CUDA 11.2: Support the built-in Stream Ordered Memory Allocator #4537

leofang · 2021-01-10T05:59:42Z

While this is working, I mark it as Work in Progress as there are some issues to be discussed with our NVIDIA friends 🙂

May be blocked by #4443 (?)

This PR exposes CUDA's new Stream Ordered Memory Allocator added since 11.2 to CuPy. A new memory type, MemoryAsync, is added, which is backed by cudaMallocAsync() and cudaFreeAsync().

To use this feature, one simply sets the allocator to malloc_async, similar to what's done for managed memory:

import cupy as cp

cp.cuda.set_allocator(cp.cuda.malloc_async)
# from now on the memory is allocated on the current stream from Stream Ordered Memory Allocator

On older CUDA (<11.2) or unsupported devices, using this new allocator will raise an error at runtime.
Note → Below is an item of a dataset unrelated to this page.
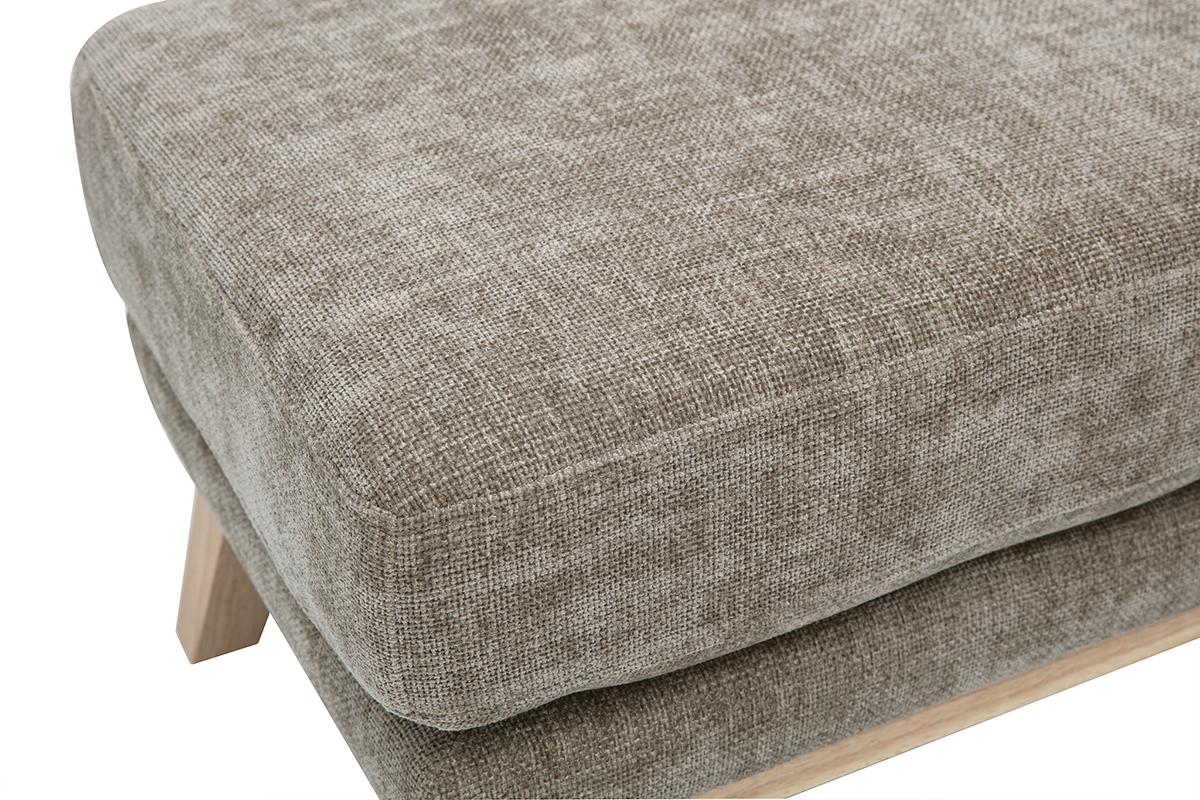 Puf reposapi�s escandinavo topo en tejido efecto terciopelo con base de madera clara, vista desde arriba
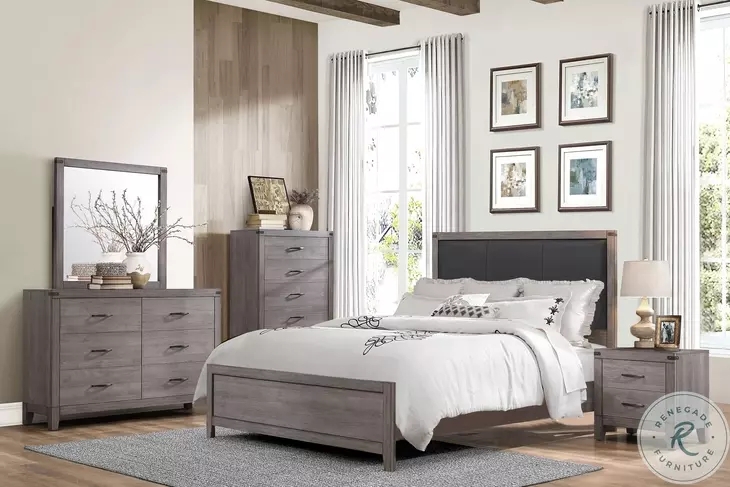 Nightstand in Dark Charcoal Wood Grain with Linear Silver Hardware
(I didn't add the support with a customized mempool cudaMemPool*()/cudaMallocFromPoolAsync() -- which could be the next PR -- as it's unclear to me the benefit of using non-default mempools. Also, note that there is no API to expose any current information of the mempool, so it wouldn't be compatible with CuPy's MemoryPool API, such as used_bytes() etc.)

Currently observed issues

I think nothing is wrong with my implementation, most likely these are from CUDA 😁

UPDATE: This is irrelevant of this PR, see CUDA 11.2: Support the built-in Stream Ordered Memory Allocator #4537 (comment) and CUDA 11.2: Fix empty NVRTC program name #4538.
It is unclear from the CUDA documentation if a stream is allowed to be destroyed before all memory allocated on it is freed. It could be that the driver performs a ref count internally (so we don't have to), but we need to make sure. If it's not the case, then in MemoryAsync we will also need to hold the reference to the stream (object), not just its pointer.
nvprof python my_script.py will fail if malloc_async is used in the workload:

$ nvprof --device-buffer-size 2048 --profiling-semaphore-pool-size 128000 pytest tests/cupy_tests/fft_tests/test_fft.py -k TestFFt
========================================================================= test session starts =========================================================================
platform linux -- Python 3.7.9, pytest-6.2.1, py-1.10.0, pluggy-0.13.1
rootdir: /home/leofang/dev/cupy_cuda112, configfile: setup.cfg
collecting ... ==31333== NVPROF is profiling process 31333, command: /home/leofang/miniconda3/envs/cupy_cuda112_dev/bin/python /home/leofang/miniconda3/envs/cupy_cuda112_dev/bin/pytest tests/cupy_tests/fft_tests/test_fft.py -k TestFFt
collected 717 items / 410 deselected / 307 selected                                                                                                                   

tests/cupy_tests/fft_tests/test_fft.py ..................................................==31333== Error: Internal profiling error 3938:999.
.....................................^C======== Warning: 569 records have invalid timestamps due to insufficient device buffer space. You can configure the buffer space using the option --device-buffer-size.
======== Warning: 293 records have invalid timestamps due to insufficient semaphore pool size. You can configure the pool size using the option --profiling-semaphore-pool-size.
======== Profiling result:
...

We need to confirm if this is nvprof's problem/limitation (very likely it is), as it could be annoying to our users.

TODO

Add tests
Add tutorial to docs/source/reference/memory.rst?
Fix/update docstrings
Mark it experimental (as I did)?

cc: @jakirkham @pentschev @maxpkatz Could you help address the three observed issues? 🙂

leofang · 2021-01-10T07:14:22Z

invalid filename
!0 = distinct !DICompileUnit(language: DW_LANG_C_plus_plus, file: !1, producer: "lgenfe: EDG 6.0", isOptimized: true, runtimeVersion: 0, emissionKind: NoDebug, enums: !2)
!1 = !DIFile(filename: "", directory: "/home/leofang/dev/cupy_cuda112")
invalid filename
!0 = distinct !DICompileUnit(language: DW_LANG_C_plus_plus, file: !1, producer: "lgenfe: EDG 6.0", isOptimized: true, runtimeVersion: 0, emissionKind: NoDebug, enums: !2)
!1 = !DIFile(filename: "", directory: "/home/leofang/dev/cupy_cuda112")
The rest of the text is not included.